Many have criticized the finding of the tribunal (e.g., here and here). The decision highlights the tension between human rights law and international investment law that has been the subject of a prior post here. It remains to be seen how future tribunals will grapple with this issue. General exceptions provisions are generally viewed as supporting regulatory autonomy; however, if liability is bifurcated from such provisions, as in Eco Oro, States will need to carefully consider the introduction of new measures and, where applicable, their disputes strategy.
Developments at the Institutional Level
On November 12, 2021, ICSID released its sixth and final Working Paper on proposed amendments to the procedural rules to resolve investment disputes. Even though the proposals do not touch upon the substance of investment agreements, there are several innovations that would support human rights norms.
For example, the amended rules require, inter alia, greater transparency in the conduct and outcome of proceedings by permitting submissions of non-disputing parties (Rule 67), participation of non-disputing treaty parties (Rule 68), publications of orders and decisions (Rule 63), and publication of documents filed in the proceeding (Rule 64).
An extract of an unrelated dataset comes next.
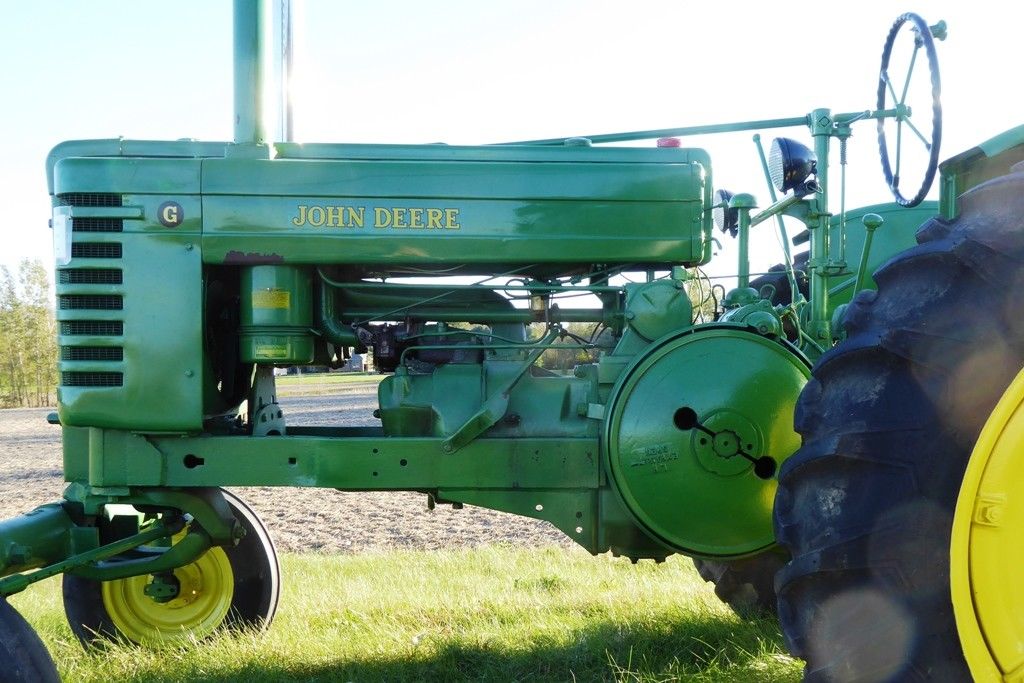 1950 John Deere G Antique Farm Tractor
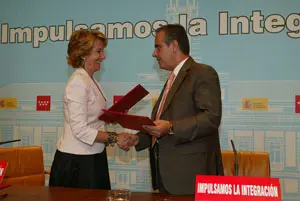 Esperanza Aguirre y Celestino Corbacho se estrechan la mano durante la firma del convenio.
Such efforts will promote human rights values by allowing greater scrutiny into and consideration of multiple voices in the dispute resolution process, as well as broadly support due process and access to justice.
Similarly, on September 22, 2021, ICSID and UNCITRAL issued an updated third version on the Code of Conduct for Adjudicators in International Investment Disputes. The latest version emphasizes the goals of “independence” and “impartiality” for adjudicators (Article 3), while presenting three options to prevent the “double hatting” problem: (i) full prohibition, (ii) modified prohibition, or (iii) full disclosure with an option to challenge (Article 4). Article 10 emphasizes greater transparency through “disclosure obligations” in relation to “any interest, relationship or matter that may, in the eyes of the disputing parties, give rise to doubts as to their independence or impartiality.” Such efforts again seek to promote human rights goals of transparency and greater access to information.
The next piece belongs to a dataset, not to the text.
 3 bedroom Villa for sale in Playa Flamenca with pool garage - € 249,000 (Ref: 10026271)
Overall, 2021 was a continuation of the directional trends from prior years. This is perhaps unsurprising. It is likely too soon to observe, in concrete ways, the effects of the pandemic across these four foci, not least because the pandemic is still ongoing. Indeed, the wheels of international law, as a general matter, turn slowly.
Looking ahead, it is interesting to reflect on the convergence of these four foci. Notably, they are comprehensive, as they encompass concrete changes to both the procedural and substantive dimensions of the intersection of human rights and international arbitration. For the BHR Treaty, in particular, the potential future establishment of new norms—whether direct and binding, or otherwise—would have ripple effects across IIA drafting trends and disputes.
This year, we are hopeful—on a personal note—to see the pandemic subside, as well as continued attention on the intersection of human rights and international arbitration, so as to harmonize efforts towards share sustainable investment and development goals.
The views expressed herein are the authors’ personal views, and do not necessarily reflect the views of the authors’ affiliated institutions or clients.